## Saved data entries
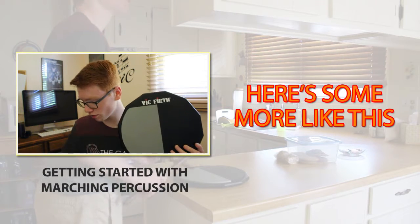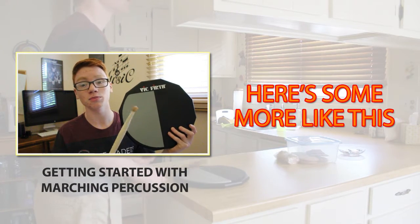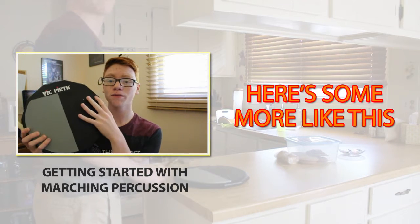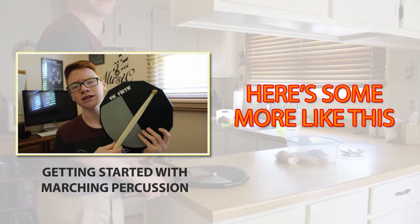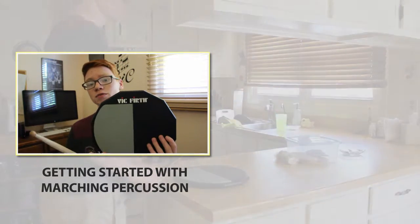This tone is a little bit softer, giving you more of a soft traditional practice pad sound that you're probably used to. And this tone is more of a harder surface that reminds you more of a snare drum, so if you're playing snare or something, this would probably be more appropriate.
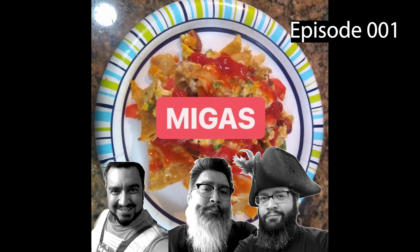Hey guys. I'm Rob, I'm Rich, I'm Roll. So how do you like your migas? I like mine actually a little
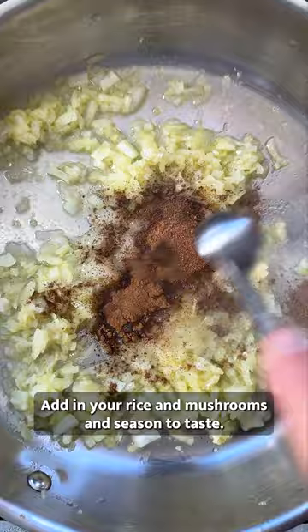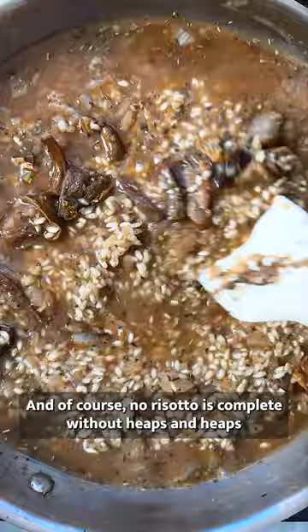This actually smells incredible. And of course no risotto is complete without heaps and heaps of plant-based cheese, nooch and lemon.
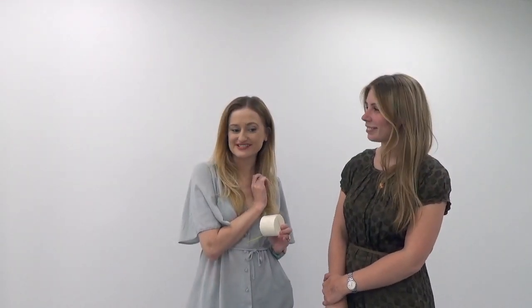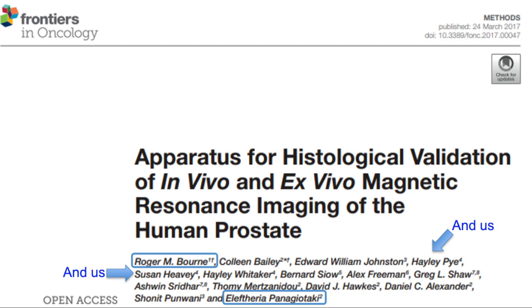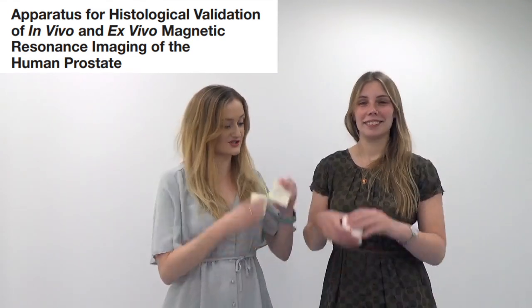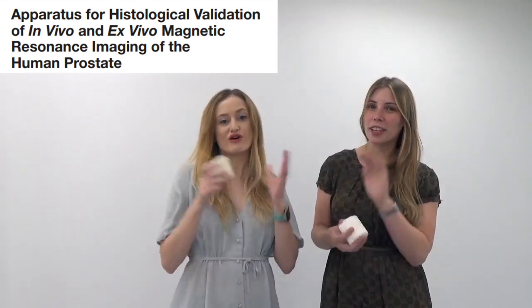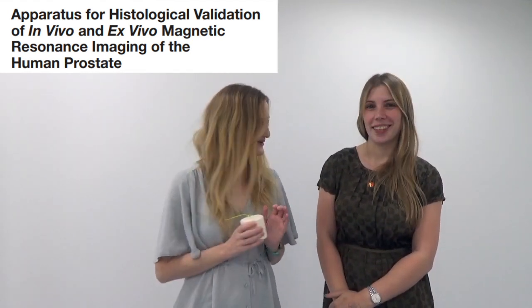We've already had a couple of publications out from the wider research group about this, and hopefully a lot more to come. Paper number one - I'll have the title flash up on screen now - is called 'Apparatus for histological validation of in vivo and ex vivo magnetic resonance imaging of the human prostate.' When we say 'apparatus' we're actually talking about this 3D printed mold, as well as a 3D printed blade handle for cutting, containers, and everything - all made from scratch by Roger. Beautiful 3D printing magic.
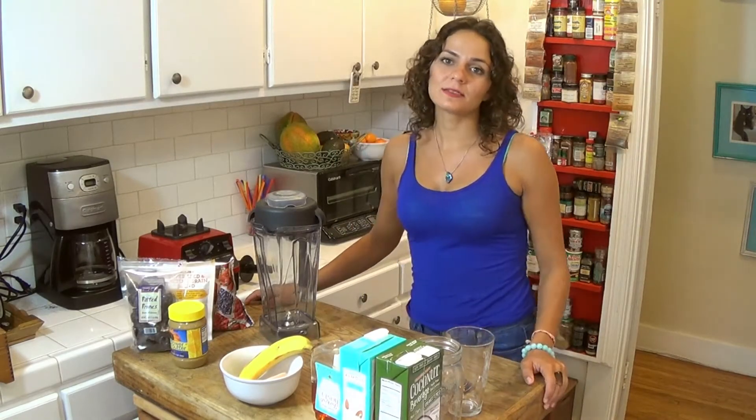Hey guys, I'm Celeste, welcome to my kitchen. Today I'm gonna show you an easy, delicious, healthy smoothie you can make in the morning. If you're anything like me, I don't like eating in the morning — my stomach is not ready for it.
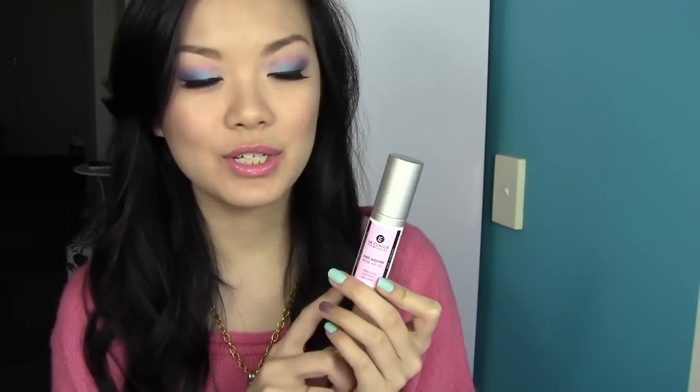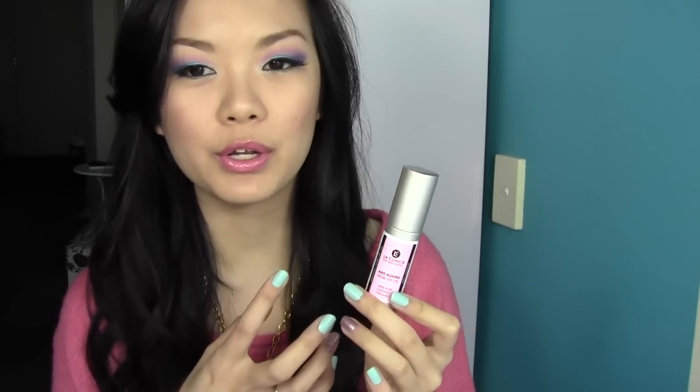Another option is this rosehip oil that I got from La Clinica. I got it in an anti-aging kit together with a day cream, a night cream, and a cleanser. This is their rosehip oil — it is anti-aging and has a lot of really good properties, so it's something you might want to check out as well. The thing with face oils you don't wash off is that if you use too much, it gets a bit too rich and a little too oily and greasy, especially at night before you go to sleep.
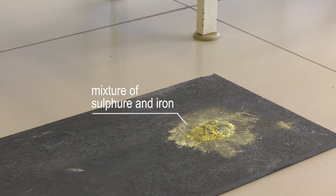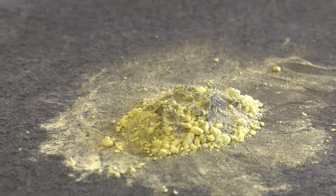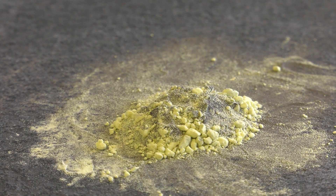For the reaction between sulfur and iron, we need fine iron powder and sulfur powder. On a marble slab, 3 g of fine iron powder is given.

## WORK INSTRUCTIONS
Give back the exact lines above, running from the one that has "This actually smells" through the one that has "Another option is", with nothing added and no pictures.

## EXERCISE OUTPUT
This actually smells incredible. And of course no risotto is complete without heaps and heaps of plant-based cheese, nooch and lemon.
We've already had a couple of publications out from the wider research group about this, and hopefully a lot more to come. Paper number one - I'll have the title flash up on screen now - is called 'Apparatus for histological validation of in vivo and ex vivo magnetic resonance imaging of the human prostate.' When we say 'apparatus' we're actually talking about this 3D printed mold, as well as a 3D printed blade handle for cutting, containers, and everything - all made from scratch by Roger. Beautiful 3D printing magic.
Hey guys, I'm Celeste, welcome to my kitchen. Today I'm gonna show you an easy, delicious, healthy smoothie you can make in the morning. If you're anything like me, I don't like eating in the morning — my stomach is not ready for it.
Another option is this rosehip oil that I got from La Clinica. I got it in an anti-aging kit together with a day cream, a night cream, and a cleanser. This is their rosehip oil — it is anti-aging and has a lot of really good properties, so it's something you might want to check out as well. The thing with face oils you don't wash off is that if you use too much, it gets a bit too rich and a little too oily and greasy, especially at night before you go to sleep.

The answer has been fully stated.